Успешность работы не определяется ее завершенностью. Мой личный опыт, наблюдения за знакомыми приемными семьями показывают: будет сто кругов, и на каждом круге — свой разговор о прошлом. Будут откаты и продвижения вперед, и снова откаты, и снова продвижение. Ценность этой работы — в самой ее возможности. Если такая возможность есть — мы говорим о конструктивных отношениях. Это к вопросу о том, следует ли считать успешной работу с памятью о войне в Германии, если сегодня в ней возможны процессы, вроде бы полностью отрицающие результат этой работы. Но такая работа вряд ли может считаться когда-либо завершенной. Если травма была действительно серьезной, если от нее действительно многое зависит в будущем, то новые исторические условия, новые поколения будут ставить этот вопрос раз за разом и раз за разом решать его заново. Конечно, чем подробнее прошли прежний круг, тем больше инструментов для разговора в нынешнем.

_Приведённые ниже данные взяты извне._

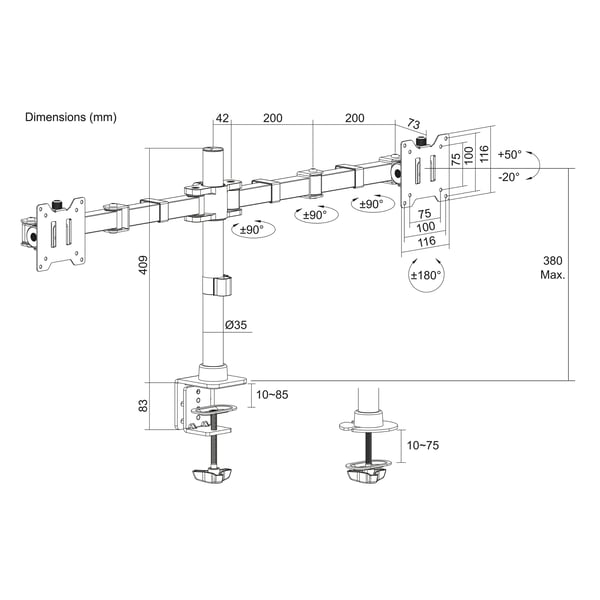 ACT AC8326 skærmbeslag og -stativer 86,4 cm (34") Skrivebord Sort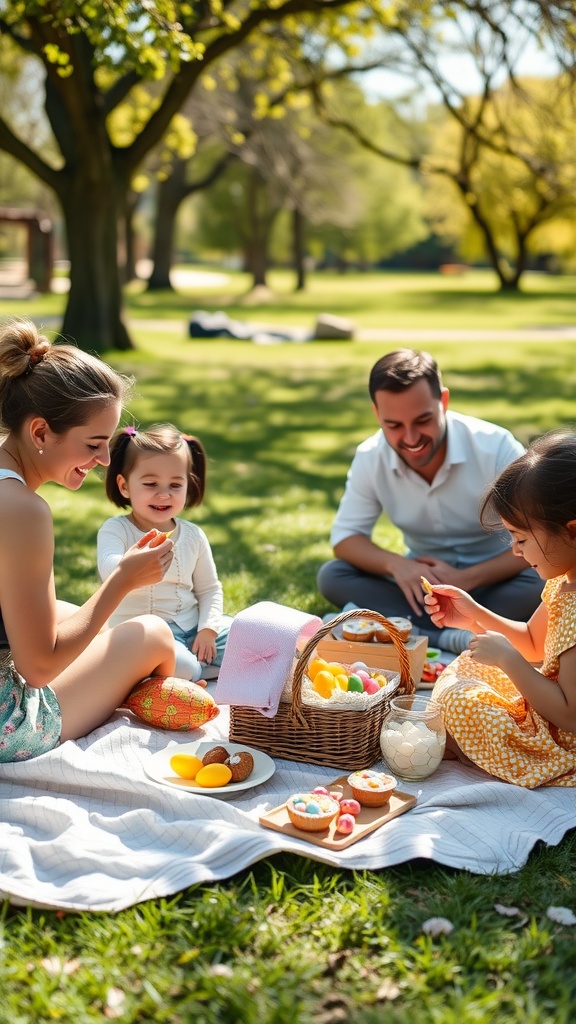 A family enjoying a picnic on a grassy area, surrounded by trees, with Easter-themed snacks and treats.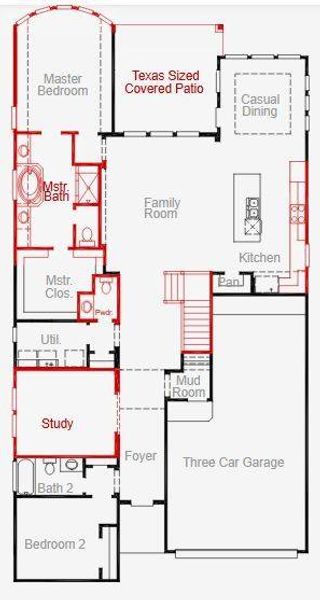 2D floor plan layout of this home in Two Step Farm, Montgomery, TX (Image 3). 2D floor plan layout of this home in Two Step Farm, Montgomery, TX (Image 3).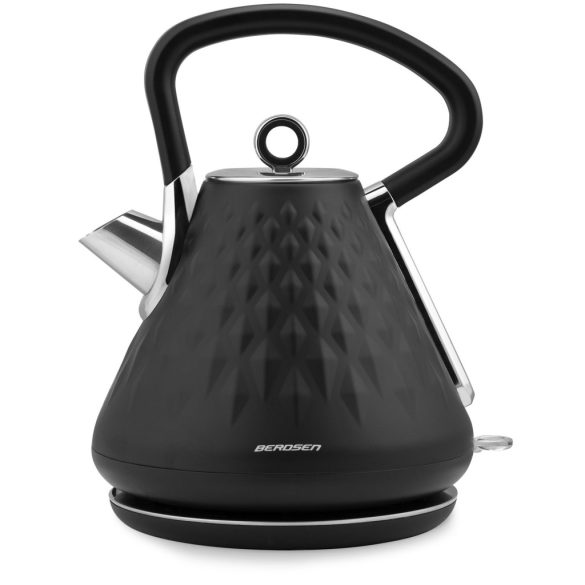 Vízforraló, Berdsen BD-700, 1700 ml, fekete, 1850-2200 W, fém ház, szárazonforrás elleni védelem, 360°-os talp, világító kapcsoló, kivehető vízkőszűrő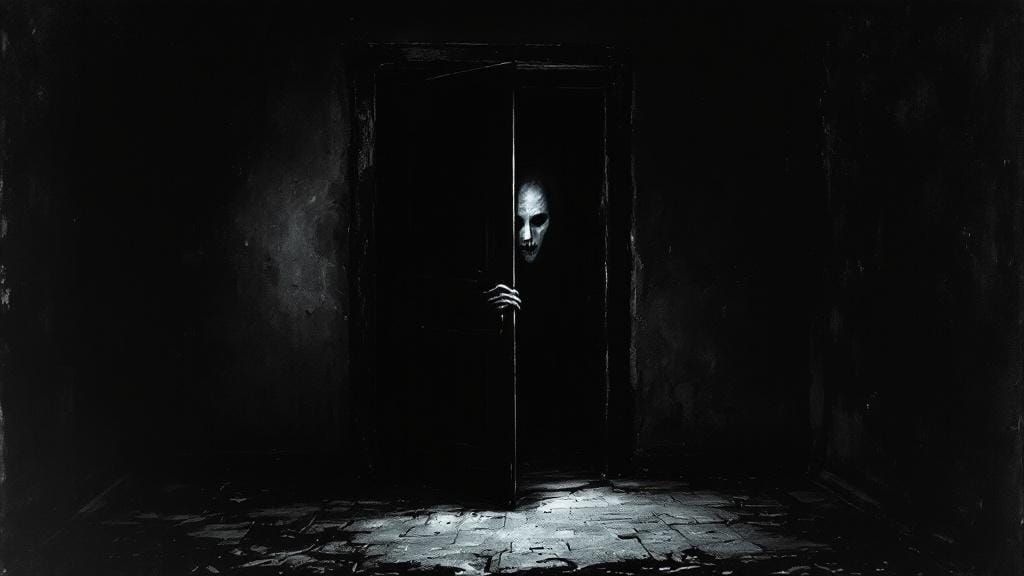 Creepy Doorway with Ghostly Face in Dark Room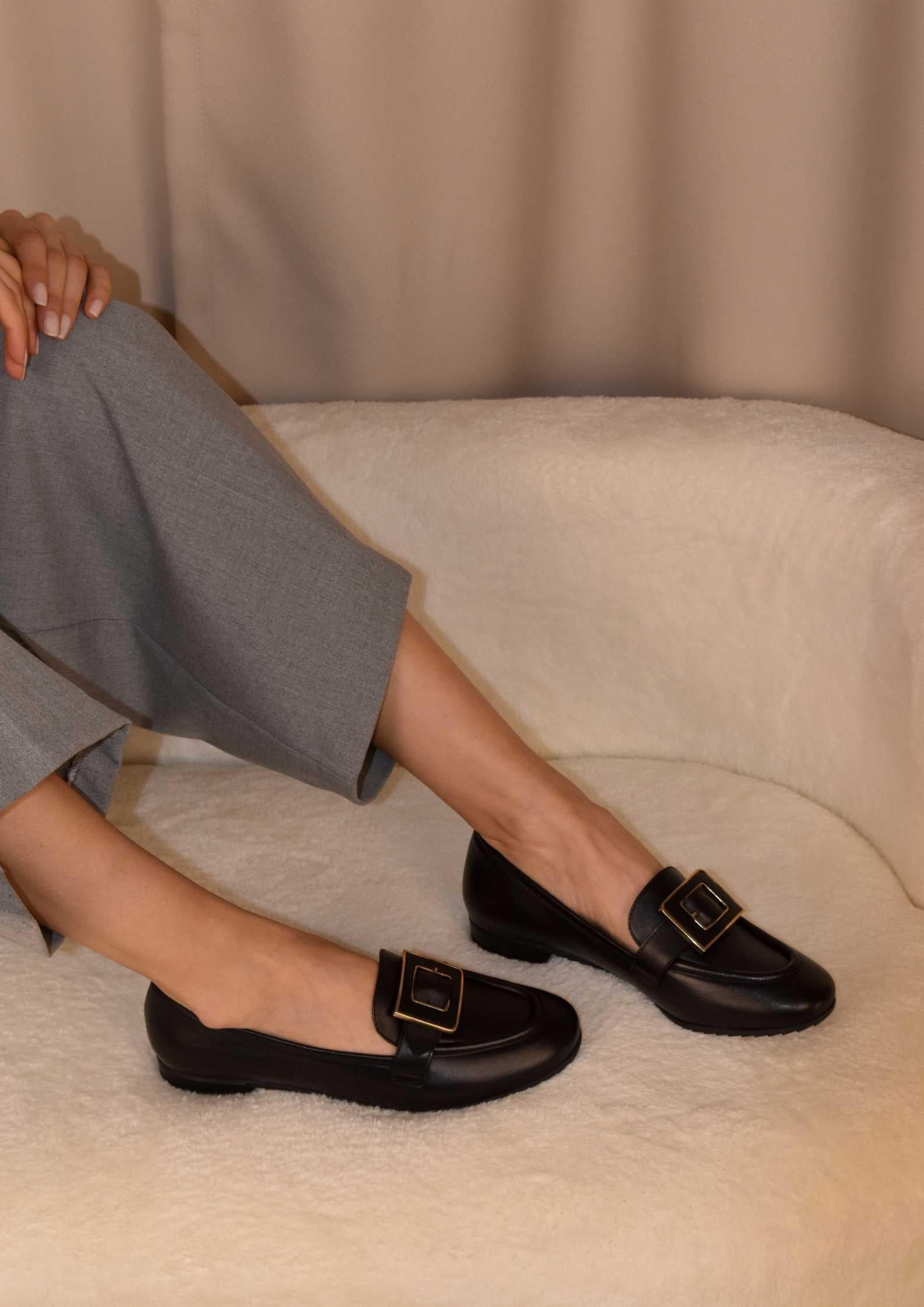  Sofia Siyah Deri Kadın Loafer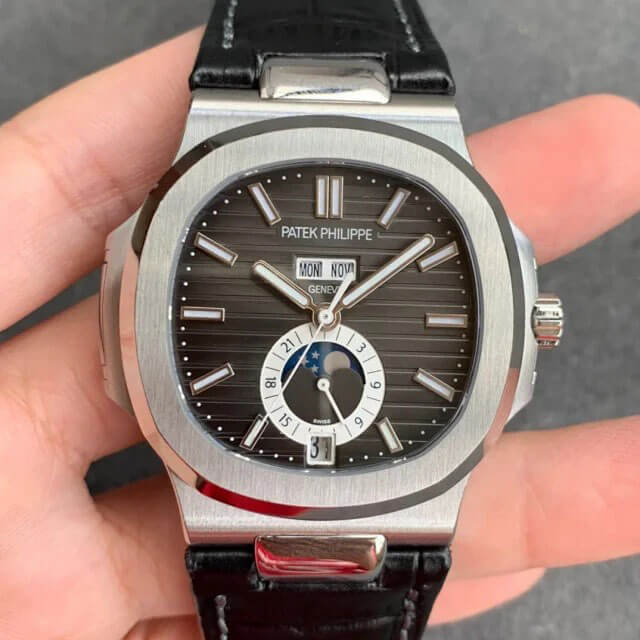 Replica Patek Philippe Nautilus 5726/1A-001 1:1 Best Edition Black Leather Strap - DEEPREPS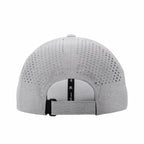 Grey perforated baseball cap with adjustable strap back view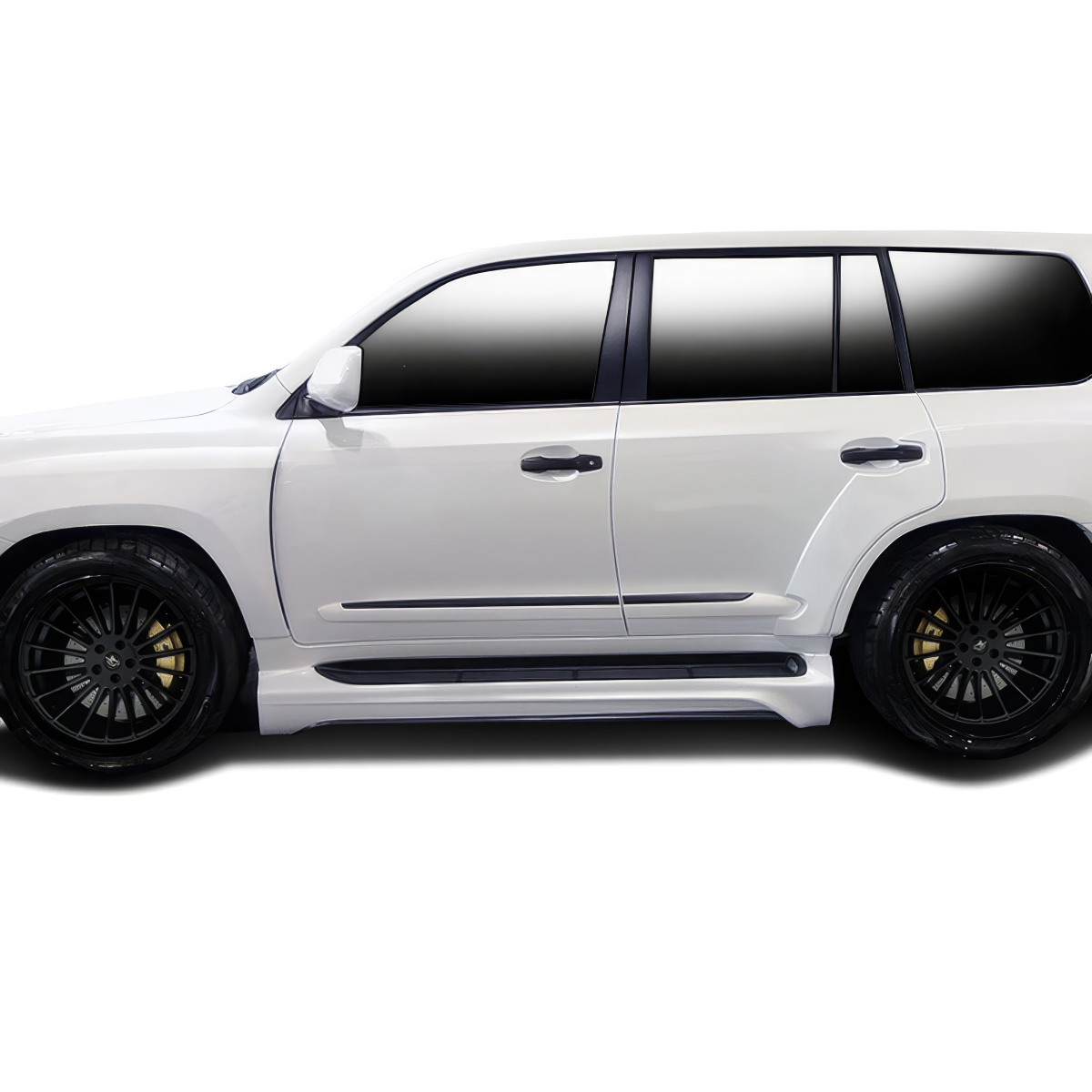 Modify your Lexus LX570 2008 with our Exterior/Side Skirts - Side angle view of the vehicle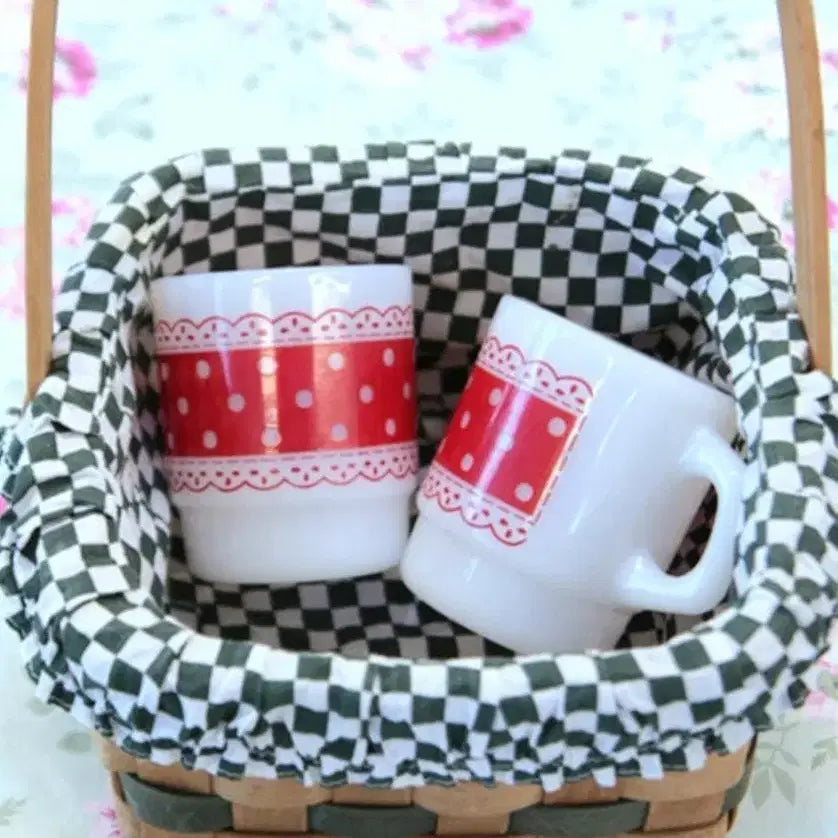 [BUNJANG] Vintage Green &amp; White Gingham Fabric Handle Basket / 빈티지 그린_화이트 깅엄체크 패브릭의 핸들 바스켓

Еще один момент: разговор о прошлом, как и любой другой, не должен быть насилием. То есть обе стороны должны быть к нему готовы и должны быть готовы к тому, что придется: ждать, отступать, начинать заново, менять подходы, меняться самим.

Возможно (да и скорее всего), такие параллели слишком прямы и слишком наивны. Но они помогают сменить контекст и увидеть что-то еще за «тупостью» и «ограниченностью» народа. Вот что я вижу, когда разговариваю о раскулачивании с отцом. Когда мы затрагиваем эту тему в контексте всей советской истории и сталинского террора — он каменеет, он принимает то, что произошло, как собственную вину, он оправдывает советский режим, и эта лишняя вина ему не нужна, он только сопротивляется. Но когда разговор начинается с частной истории семьи, с того, что все у них были работящими, что вот и отец весь в них, такой же — построит хозяйство из ничего и оно будет расти и умножаться, потому что все честные и все в работе себя не жалели, и когда мы выходим потом на этот страшный зимний лес, куда на телегах свезли женщин и грудных детей без одежды, без еды, без всего, со случайно прихваченными лопатами и топором, а все добро отобрали и мужиков отправили бог знает куда (куда же? ведь боятся знать до сих пор), и дети шли за матерями по сугробам и просили есть, и много кто не выжил, и так далее — если я в этот момент не обвиняю весь режим, а только разделяю его боль, боль частного человека, разговор дальше идет совсем по-другому. Иногда я вижу, что отец принимает свою историю и шире понимает историю страны. И я стараюсь не обвинять (никого), потому что это больше его прошлое, чем мое, и мне в такие моменты очень важно, чтобы он пережил это в первую очередь для себя. Чтобы не сработали механизмы отторжения и защиты, чтобы внутренняя работа прошла спокойно, чтобы он видел — я на его стороне.

4

РАБОТА ПРИНЯТИЯ

По умытой дождем утренней Москве за рулем открытого автомобиля едет женщина. Впереди, за украшенным красным полотнищем зданием Дома Союзов, видны недавно выстроенные здания гостиницы «Москва» и Совета труда и обороны, старое передает эстафету новому. На дворе 1937 год. Картина Юрия Пименова «Новая Москва» считается классикой соцреализма, направления искусства, порожденного сталинской идеологией[364], «исторически-конкретного изображения действительности в ее революционном развитии», а год ее создания добавляет восприятию драматизма. Глядя на эту бьющую ключом мирную жизнь, мы не можем не думать о том, что именно в это время страна переживает самый жестокий период террора, и изображенный на холсте молодой и свежий город за два ближайших года потеряет десятки тысяч жителей.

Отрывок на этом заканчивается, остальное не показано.